• United States



Senior Staff Writer

Penn State disables network after attack, says China is to blame

May 15, 20153 mins
Advanced Persistent ThreatsCybercrimeDisaster Recovery

The college went to FireEye for help; company says actors in China were to blame

The Penn State College of Engineering took their network offline on Friday, after being targeted by what the school is calling two “sophisticated” cyber attacks.

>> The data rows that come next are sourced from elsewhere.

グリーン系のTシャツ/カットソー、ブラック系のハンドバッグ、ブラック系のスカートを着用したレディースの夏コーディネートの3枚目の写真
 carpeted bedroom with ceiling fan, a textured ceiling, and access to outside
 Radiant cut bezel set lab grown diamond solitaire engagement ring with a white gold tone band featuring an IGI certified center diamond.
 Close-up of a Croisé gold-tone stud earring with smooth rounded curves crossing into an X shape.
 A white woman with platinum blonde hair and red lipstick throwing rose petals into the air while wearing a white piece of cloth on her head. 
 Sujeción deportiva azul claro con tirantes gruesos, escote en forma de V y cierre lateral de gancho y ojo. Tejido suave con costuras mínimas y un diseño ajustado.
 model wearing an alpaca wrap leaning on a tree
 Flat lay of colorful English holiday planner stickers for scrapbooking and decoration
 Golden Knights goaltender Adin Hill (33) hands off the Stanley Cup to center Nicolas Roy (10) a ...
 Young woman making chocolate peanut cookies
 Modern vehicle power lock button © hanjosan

The university engaged FireEye to help with incident response, who in-turn stated that actors in China were responsible.

The school says that plans are in place to allow teaching and research to continue while recovery efforts and investigations take place.

In a statement, the school explained further:

“In a coordinated and deliberate response by Penn State, the College of Engineering’s computer network has been disconnected from the Internet and a large-scale operation to securely recover all systems is underway. Contingency plans are in place to allow engineering faculty, staff and students to continue in as much of their work as possible while significant steps are taken to upgrade affected computer hardware and fortify the network against future attack. The outage is expected to last for several days, and the effects of the recovery will largely be limited to the College of Engineering.”

Last November, university officials explained, the school was contacted by the FBI and alerted to an attack of “unknown origin and scope” on the College of Engineering network. Shortly after the FBI alerted the school to the problems, they contacted Mandiant in order to hire FireEye to help with internal investigations.

“The investigation revealed the presence of two previously undetected, sophisticated threat actors on the college’s network. Mandiant has confirmed that at least one of the two attacks came from a threat actor based in China, which used advanced malware to attack systems in the college. The investigation has revealed that the earliest known date of intrusion is September 2012,” the school’s statement continued.

The investigation so far has turned up nothing to suggest that PII (e.g. Social Security Numbers) or financial data was compromised. However, there has been evidence that a number of usernames and passwords issued by the College of Engineering were compromised during the attack.

Yet, just to play it safe, 18,000 individuals will be offered one year of free credit monitoring – as their information was discovered on compromised systems.

“This should be a wake up call to other colleges and universities; it is rare for only one institution to be targeted by an active cyber espionage campaign,” commented Ken Westin, senior security analyst for Tripwire.

“Given that the group was targeting engineering departments it’s pretty clear that the attacker were looking intellectual property. Many times there is deep collaboration between higher education and private industry to commercialize research, and this combined with the fact that higher education generally lacks the resources to develop a strong security posture makes them a high value target for sophisticated attackers.”